There's something to be said for him being the next in line of the Calipari point guards. The ever-growing list includes players like Derrick Rose, John Wall, Tyreke Evans, Eric Bledsoe, Jamal Murray and DeAaron Fox. It's the NBA's version of Penn State linebackers or Alabama defensive linemen. The success rate is nearly 100 percent when it comes to Calipari's freshmen point guards; even Brandon Knight averaged 18.1 points over a three-year span in the NBA.

"That’s why guys go to Kentucky," Gilgeous-Alexander said. "It prepares them for the next level. Coach (Calipari) does a really good job, especially with point guards, getting them ready for that next level in a short amount of time."

Gilgeous-Alexander didn't test or play in the 5-on-5 scrimmages, but he still came out of Chicago a winner. He measured 6-foot-6 in shoes with a ridiculous 6-foot-11 1/2 wingspan, a full three inches longer than any other point guard at the Combine. He also added, rather uniquely, that he watches of film Kawhi Leonard playing defense. Most players don't mention watching film on different-position players; most players aren't 6-foot-6 point guards.

"(It's) obviously a more versatile league and playing small ball. And with me being able to guard multiple positions, a lot of teams are switching things like the pick and roll off ball screens, so me being able to switch and guard multiple positions can help an organization."

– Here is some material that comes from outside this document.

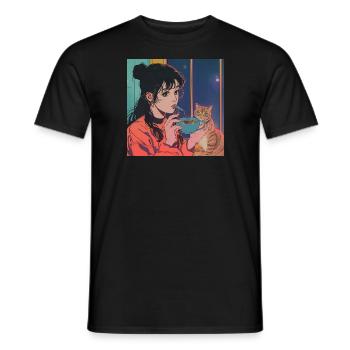 80s anime girl calming high quality fashion print - Men's T-Shirt - black - Front - AI Model Male 178 light (178cm)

Gilgeous-Alexander's arrow is pointing way up. He appears to be teetering near Lottery pick status, though that could go one way or the other in private team workouts, especially if he's pitted against fellow top point guards like Trae Young and Collin Sexton. But if his rise at Kentucky is any indication, he'll only continue to improve his game, his stock and eventually his draft position.